Exercise>
Everything from the line containing "Rockblade Rock 868" through the line containing "615 Tesmore Place, Saint" in the listing below should be copied exactly, and nothing more.

-----

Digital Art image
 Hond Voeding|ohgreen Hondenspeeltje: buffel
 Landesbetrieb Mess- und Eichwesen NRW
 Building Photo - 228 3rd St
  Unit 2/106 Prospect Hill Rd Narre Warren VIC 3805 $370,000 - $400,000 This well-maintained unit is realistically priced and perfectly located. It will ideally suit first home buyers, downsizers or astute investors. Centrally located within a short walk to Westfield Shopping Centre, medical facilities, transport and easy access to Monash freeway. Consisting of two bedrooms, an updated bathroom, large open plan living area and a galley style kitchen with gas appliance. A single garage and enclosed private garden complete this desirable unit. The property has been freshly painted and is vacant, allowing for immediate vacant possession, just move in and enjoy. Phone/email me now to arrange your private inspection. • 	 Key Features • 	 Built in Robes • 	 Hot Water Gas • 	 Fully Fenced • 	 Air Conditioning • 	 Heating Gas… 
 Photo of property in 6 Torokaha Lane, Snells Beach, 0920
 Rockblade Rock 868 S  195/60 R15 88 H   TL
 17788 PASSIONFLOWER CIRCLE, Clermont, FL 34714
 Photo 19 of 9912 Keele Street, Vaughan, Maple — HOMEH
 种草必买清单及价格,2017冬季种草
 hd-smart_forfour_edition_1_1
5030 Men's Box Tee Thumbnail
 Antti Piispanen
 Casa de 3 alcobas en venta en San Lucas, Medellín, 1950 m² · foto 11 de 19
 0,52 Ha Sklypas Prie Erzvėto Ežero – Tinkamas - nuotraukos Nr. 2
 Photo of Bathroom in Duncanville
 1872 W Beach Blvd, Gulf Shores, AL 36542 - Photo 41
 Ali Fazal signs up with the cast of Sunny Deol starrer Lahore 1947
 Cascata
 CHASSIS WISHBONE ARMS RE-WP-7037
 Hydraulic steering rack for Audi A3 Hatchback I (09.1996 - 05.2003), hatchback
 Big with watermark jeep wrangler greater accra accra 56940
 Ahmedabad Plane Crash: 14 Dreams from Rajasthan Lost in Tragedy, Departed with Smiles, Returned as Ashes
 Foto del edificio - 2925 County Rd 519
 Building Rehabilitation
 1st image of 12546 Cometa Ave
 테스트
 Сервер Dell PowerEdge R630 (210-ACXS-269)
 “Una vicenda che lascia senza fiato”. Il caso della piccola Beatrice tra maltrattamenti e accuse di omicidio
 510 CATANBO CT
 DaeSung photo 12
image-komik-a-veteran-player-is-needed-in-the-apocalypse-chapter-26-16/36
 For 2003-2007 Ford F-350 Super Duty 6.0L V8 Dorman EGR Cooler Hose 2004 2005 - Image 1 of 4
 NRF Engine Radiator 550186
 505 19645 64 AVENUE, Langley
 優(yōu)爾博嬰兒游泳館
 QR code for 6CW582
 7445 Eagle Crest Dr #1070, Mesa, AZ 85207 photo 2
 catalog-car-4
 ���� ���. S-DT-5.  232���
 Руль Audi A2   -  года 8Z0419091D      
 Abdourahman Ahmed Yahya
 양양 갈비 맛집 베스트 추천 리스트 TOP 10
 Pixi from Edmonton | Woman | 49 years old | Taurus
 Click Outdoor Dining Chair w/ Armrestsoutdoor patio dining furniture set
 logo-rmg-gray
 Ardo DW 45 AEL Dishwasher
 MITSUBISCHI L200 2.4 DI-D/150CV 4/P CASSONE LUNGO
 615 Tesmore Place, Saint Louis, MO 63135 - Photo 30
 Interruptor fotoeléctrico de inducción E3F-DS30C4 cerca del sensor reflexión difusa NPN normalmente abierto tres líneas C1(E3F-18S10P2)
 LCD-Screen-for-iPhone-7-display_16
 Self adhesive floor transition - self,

-----

Solution to the exercise>
 Rockblade Rock 868 S  195/60 R15 88 H   TL
 17788 PASSIONFLOWER CIRCLE, Clermont, FL 34714
 Photo 19 of 9912 Keele Street, Vaughan, Maple — HOMEH
 种草必买清单及价格,2017冬季种草
 hd-smart_forfour_edition_1_1
5030 Men's Box Tee Thumbnail
 Antti Piispanen
 Casa de 3 alcobas en venta en San Lucas, Medellín, 1950 m² · foto 11 de 19
 0,52 Ha Sklypas Prie Erzvėto Ežero – Tinkamas - nuotraukos Nr. 2
 Photo of Bathroom in Duncanville
 1872 W Beach Blvd, Gulf Shores, AL 36542 - Photo 41
 Ali Fazal signs up with the cast of Sunny Deol starrer Lahore 1947
 Cascata
 CHASSIS WISHBONE ARMS RE-WP-7037
 Hydraulic steering rack for Audi A3 Hatchback I (09.1996 - 05.2003), hatchback
 Big with watermark jeep wrangler greater accra accra 56940
 Ahmedabad Plane Crash: 14 Dreams from Rajasthan Lost in Tragedy, Departed with Smiles, Returned as Ashes
 Foto del edificio - 2925 County Rd 519
 Building Rehabilitation
 1st image of 12546 Cometa Ave
 테스트
 Сервер Dell PowerEdge R630 (210-ACXS-269)
 “Una vicenda che lascia senza fiato”. Il caso della piccola Beatrice tra maltrattamenti e accuse di omicidio
 510 CATANBO CT
 DaeSung photo 12
image-komik-a-veteran-player-is-needed-in-the-apocalypse-chapter-26-16/36
 For 2003-2007 Ford F-350 Super Duty 6.0L V8 Dorman EGR Cooler Hose 2004 2005 - Image 1 of 4
 NRF Engine Radiator 550186
 505 19645 64 AVENUE, Langley
 優(yōu)爾博嬰兒游泳館
 QR code for 6CW582
 7445 Eagle Crest Dr #1070, Mesa, AZ 85207 photo 2
 catalog-car-4
 ���� ���. S-DT-5.  232���
 Руль Audi A2   -  года 8Z0419091D      
 Abdourahman Ahmed Yahya
 양양 갈비 맛집 베스트 추천 리스트 TOP 10
 Pixi from Edmonton | Woman | 49 years old | Taurus
 Click Outdoor Dining Chair w/ Armrestsoutdoor patio dining furniture set
 logo-rmg-gray
 Ardo DW 45 AEL Dishwasher
 MITSUBISCHI L200 2.4 DI-D/150CV 4/P CASSONE LUNGO
 615 Tesmore Place, Saint Louis, MO 63135 - Photo 30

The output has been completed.